- Bioinformatics Service, Nucleus, University of Salamanca, Salamanca, Spain
Rvisdiff is an R/Bioconductor package that generates an interactive interface for the interpretation of differential expression results. It creates a local web page that enables the exploration of statistical analysis results through the generation of auto-analytical visualizations. Users can explore the differential expression results and the source expression data interactively in the same view. As input, the package supports the results of popular differential expression packages such as DESeq2, edgeR, and limma. As output, the package generates a local HTML page that can be easily viewed in a web browser. Rvisdiff is freely available at https://bioconductor.org/packages/Rvisdiff/.
Highlights
Rvisdiff provides analytical and interactive graphs that enable the comprehensive analysis of differential expression results.
Graphs are connected with the differential expression table of results and interconnect gene expression with analysis results.
All the figures are interactive and provide useful features for data exploration.
Rvisdiff generates a local HTML report, which ensures portability, ease of use, and data privacy.
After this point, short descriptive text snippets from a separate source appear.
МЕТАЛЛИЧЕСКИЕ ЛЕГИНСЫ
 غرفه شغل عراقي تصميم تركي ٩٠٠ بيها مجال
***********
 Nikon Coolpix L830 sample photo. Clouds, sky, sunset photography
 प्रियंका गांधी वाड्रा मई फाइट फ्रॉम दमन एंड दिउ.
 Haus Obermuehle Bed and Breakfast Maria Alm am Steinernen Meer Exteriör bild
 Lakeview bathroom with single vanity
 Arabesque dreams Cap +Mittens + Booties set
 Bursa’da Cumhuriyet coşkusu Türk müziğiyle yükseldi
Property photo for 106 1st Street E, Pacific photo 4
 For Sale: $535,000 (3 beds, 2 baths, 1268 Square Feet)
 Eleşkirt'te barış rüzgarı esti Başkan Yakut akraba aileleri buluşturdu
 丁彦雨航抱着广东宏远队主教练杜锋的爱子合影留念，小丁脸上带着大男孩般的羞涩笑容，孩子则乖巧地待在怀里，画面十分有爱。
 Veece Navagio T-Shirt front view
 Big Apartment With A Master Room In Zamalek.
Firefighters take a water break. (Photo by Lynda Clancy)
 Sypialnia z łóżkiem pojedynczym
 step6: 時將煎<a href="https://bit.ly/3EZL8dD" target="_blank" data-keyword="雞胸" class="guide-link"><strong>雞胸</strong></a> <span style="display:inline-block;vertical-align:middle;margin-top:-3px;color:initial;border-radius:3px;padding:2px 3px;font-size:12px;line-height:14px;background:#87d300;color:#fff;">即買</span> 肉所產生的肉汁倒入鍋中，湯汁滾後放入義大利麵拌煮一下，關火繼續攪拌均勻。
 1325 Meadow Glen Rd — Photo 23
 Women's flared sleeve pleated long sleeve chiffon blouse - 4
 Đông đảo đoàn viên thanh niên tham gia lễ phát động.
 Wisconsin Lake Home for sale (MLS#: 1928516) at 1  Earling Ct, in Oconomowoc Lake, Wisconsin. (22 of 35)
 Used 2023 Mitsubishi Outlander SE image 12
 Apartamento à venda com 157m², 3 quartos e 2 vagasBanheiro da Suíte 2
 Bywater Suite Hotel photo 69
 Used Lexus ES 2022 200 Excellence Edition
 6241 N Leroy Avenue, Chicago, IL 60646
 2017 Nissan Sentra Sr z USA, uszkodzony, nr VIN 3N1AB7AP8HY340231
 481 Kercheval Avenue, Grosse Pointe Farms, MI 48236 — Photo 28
This architecture avoids software and virtual machine installations.
Introduction
Comparison of RNA expression levels between conditions is a routine analysis that became common in the omics era with the appearance of expression microarrays. These analyses, called differential expression analyses, take a normalized expression matrix as input and perform statistical tests to detect quantitative changes in expression levels between experimental groups. Differential expression analyses generate extensive reports that require manual inspection for optimization and interpretation of the results. At present, there are 362 R packages in the Bioconductor repository under the “Differential Expression” category, which solve tasks such as normalization, batch correction, contrast analysis, interpretation, and visualization. Some visualization techniques are implemented in the most popular differential expression packages as static graphs. For example, MA plots and volcano plots can be represented using the resulting objects from the DESeq and edgeR packages, respectively (Robinson et al., 2010; Love et al., 2014). These graphics are useful for evaluating global analysis, but they do not allow for gene-specific exploration.
Standalone software and R packages have been developed to enhance the visualization and interpretation of differential expression results. Supplementary Table 1 summarizes and compares recent approaches developed for visualization. These approaches have been implemented using various architectures, such as web servers, R packages, HTML, or JavaScript static websites. GLIMMA is a Bioconductor package that generates static web pages with three graph types: scatter plots, point plots, and bar plots (Su et al., 2017). It is used for representing MA plots, volcano plots, and MDS results. DEIVA also represents MA and volcano plots using JavaScript technology, which requires a server for its visualization (Harshbarger et al., 2017). For a wider variety of graphs, the package ViDGER generates nine different visualizations, but the resulting graphs are not interactive (McDermaid et al., 2019). Another R package that generates an HTML report is SARTools; it provides an analysis pipeline, but the final report is not interactive (Varet et al., 2016). The Bioconductor package metaseqR2 also provides a pipeline that enables the comparison of different analysis methods for differential expression and provides static graphs as output (Fanidis and Moulos, 2021). A different approach is the development of a web server as the Degust platform. Users have to upload a matrix of read counts for its analysis, and the platform generates a table of results and interactive graphs. Web server solutions are suitable for non-bioinformatics users, but they have difficulties with input format deviations, automation of analysis tasks, reproducibility, and data security.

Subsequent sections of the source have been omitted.